Central Asia: Old Communists Using Islam as New Bogeyman Against Democratization
In several of the newly-independent Muslim states of the former Soviet Union, the old Communist elites still rule, though they have abolished the Communist Party and created new bodies with surprisingly familiar faces at the top. And in some of these states, they are seeking to defend their entrenched privilege by portraying themselves as the only bulwark standing between their societies and the chaos of an Iranian-style Islamic revolution.
When then-Secretary of State James Baker made his first post-Soviet-coup tour to Central Asia, he went to Kazakhstan and Kyrgyzstan, the former a new nation possessing nuclear weapons, the latter an emerging democracy. This left the other Central Asian states, lacking either nuclear weapons or democracy, wondering how to win American attention. They found it as self-proclaimed bulwarks against Iranian influence and the expansion of radical Islamism. When Baker came again, it was to all the rest of the newly independent Muslim states, where he met with the old Communist guards in Tajikistan, Uzbekistan and Turkmenistan.
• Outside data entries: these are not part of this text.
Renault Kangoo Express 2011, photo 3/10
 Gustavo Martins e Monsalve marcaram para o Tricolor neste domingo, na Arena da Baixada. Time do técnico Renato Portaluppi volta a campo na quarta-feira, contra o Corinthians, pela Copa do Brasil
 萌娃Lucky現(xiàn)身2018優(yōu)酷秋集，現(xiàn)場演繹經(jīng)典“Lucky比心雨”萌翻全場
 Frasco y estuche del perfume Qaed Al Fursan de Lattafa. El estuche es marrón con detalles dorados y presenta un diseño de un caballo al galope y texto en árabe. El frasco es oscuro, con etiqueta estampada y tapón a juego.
The attempt to identify the old Communists as the only hope for secularism has grown even more intense since the Tajik revolutions of this past summer. So far, two of the old Communist leaders have been toppled: Ayaz Mutalibov in Azerbaijan and Rakhman Nabiyev in Tajikistan.
In Azerbaijan, elections brought to power an Azeri nationalist of Pan- Turkist leanings, Abulfaz Elchibey. Tajikistan is another matter, and it is cited as the "nightmare scenario" by other entrenched leaders.
They claim that events of the past year in Tajikistan demonstrate that if Islamic fundamentalists have their way, every country in Central Asia will become another Iran or another Afghanistan.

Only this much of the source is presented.